Don't think from this description that Secret is mopey and cerebral. It's full of camerabatics, wry humor and the brutality of Argentine politics in the years when Isabel Peron's unstable government gave way to the dictatorship of el Processo, with its Dirty War against dissidents. It hustles and bustles like a TV drama in the HBO fashion. Campanella has made a few features in his native Argentina, but he studied at the NYU Film School and spent most of the past decade directing episodes of House M.D., 30 Rock and a slew of Law & Order shows. (He really should be a guest on The Colbert Report, since he also directed eight episodes of Strangers With Candy, the sitcom co-starring and cowritten by Stephen Colbert.) He's been well schooled in the basics of TV drama: sell the story, give the actors space to do their thing, keep the pace brisk and efficient.

To this recipe, the director of a feature film is supposed to add a distinctive camera style, and Campanella's got not one, but a million. He begins Secret committing, in about a minute flat, all the sins of sensitive indie films: solo piano, dappled slo-mo images, and a woman running down a train platform after her beloved. That's a tease — the visual equivalent to Benjamin's fervid prose in one of many false starts to the memoir-novel he's trying to write. Then he recalls the murder that has haunted him for decades: shots of the beautiful, battered Liliana, splayed naked on the floor like the startling nude in Marcel Duchamp's final work, Étant donnés. It's grim, maybe exploitative, and Benjamin closes his eyes in pain at the memory; but Campanella got us to watch. Later, just for fun, the director masterminds an elaborate five-minute shot — from above a soccer stadium down to the stands where Benjamin and Sandoval spot the killer and case him through the stadium — that looks as if it was done in one long take. Actually, it's seven shots, but it's expertly done and gives the middle of the movie some instant adrenaline.

Campanella is sharpest in drawing the sad-lovely relationship of Benjamin and Irene. So often we he him staring at her — as if to laser into her brain the simple message: God, can't you see I'm in love with you? — and her responding glance, which dares him to make a play, dammit. (He's so daft for her that he can't read her semaphores, can't believe she'd say yes.) By looking at old photos, Benjamin had intuited the killer's secret longing for Liliana in his covetous eyes. Yet the detective has that same hangdog gaze for Liliana, and for Irene. In a certain kind of man, romance is an addiction he can never kick. To remain faithful to that obsession is to remain crippled, stunted. "You'll have a thousand pasts and no future," Liliana's widower warns Benjamin. "Memories are all we end up with. At least pick the nice ones."

Once upon a time, this movie's mix of murder mystery, political parable and grownup love story would have lured sizable U.S. audiences, even if they did have to read subtitles.
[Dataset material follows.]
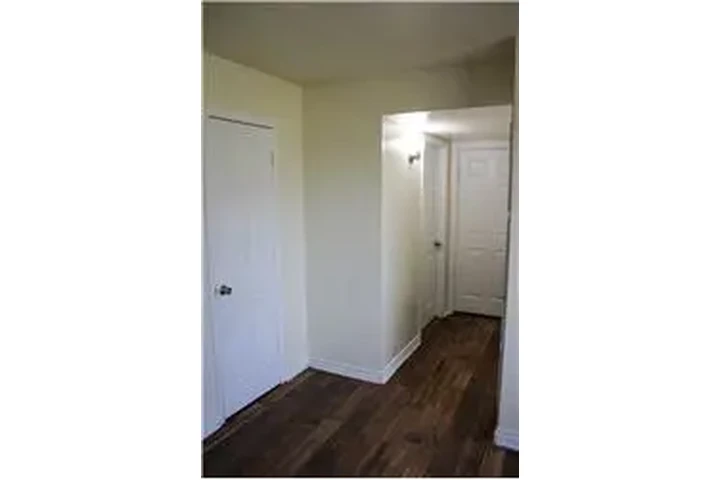 $775 : Rental property with 2 bedro image 10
But the specialty market has nearly shrunk out of existence; nowadays, this species of smartish foreign film is often bought for a remake by Hollywood producers. That happened with The Lives of Others, Let the Right One In, The Girl With the Dragon Tattoo. Further, The Secret in Their Eyes is so specifically Argentinian that it might not get Americanized. Adventurous moviegoers may as well settle for the real thing.